PLACES & ARCHITECTURES | 900+100
Opened in 2010 in Palazzo dell’Arengario, located on the same square as the Duomo of Milan, the Museo del Novecento is a city museum which was founded upon the generous donations of artists and collectors. It’s a museum that, with its entirely Milanese history, cuts through the 20th century, from Futurism to Arte Povera, and which today is getting ready to double its exhibition spaces. To join the new millennium.
By Francesca Molteni
Open, osmotic, transparent. A museum that offers so much, after being given so much. Beautiful because it’s connected to the city. That’s how it’s described by the Director of the Polo Museale Moderno e Contemporaneo di Milano, Gianfranco Maraniello, who sits at the head of five different entities: the Museo del Novecento, GAM Galleria d’Arte Moderna, Palazzo Morando, Casa Museo Boschi Di Stefano and the Studio Museo Francesco Messina.
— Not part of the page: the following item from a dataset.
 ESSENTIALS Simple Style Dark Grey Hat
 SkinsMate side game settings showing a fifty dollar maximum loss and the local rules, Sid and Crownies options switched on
FM: New projects, big changes. The Museo del Novecento is going through a moment of transformation. What are the main developments?
GM: Working on the space within the Museo del Novecento means considering what will happen when it’s extended to the second Arengario. So, imagining what its final form will be. Today’s Museum will become a permanent collection space, the start and end points of which will be two poles of the 20th century. It will start with hope, the idea of influencing the world, so the idea of the avant-garde, and Futurism, which is currently the most complete part of the collection, with a deep Milanese connotation, despite being an international phenomenon. It will conclude with a date that’s symbolic for 20th-century Italy, and certainly for this city and for the art of this city: 1993, the year in which lots of things happened in Milan—the mafia-terrorist Via Palestro massacre, the phenomenon known as Mani Pulite (lit. ‘clean hands’), but also the founding of Berlusconi’s political party. Culture, politics, society, the media—so, a very significant past, which in art has been represented in important works in our collection. The second Arengario, on the other hand, will be the place for exhibitions, the contemporary, also in correspondence to spaces which are better adapted to temporary exhibitions, precisely for their flexibility. I see architectural restoration as a crucial topic for Palazzo dell’Arengario too, to find the almost osmotic relationship between the interior and exterior of the Museum.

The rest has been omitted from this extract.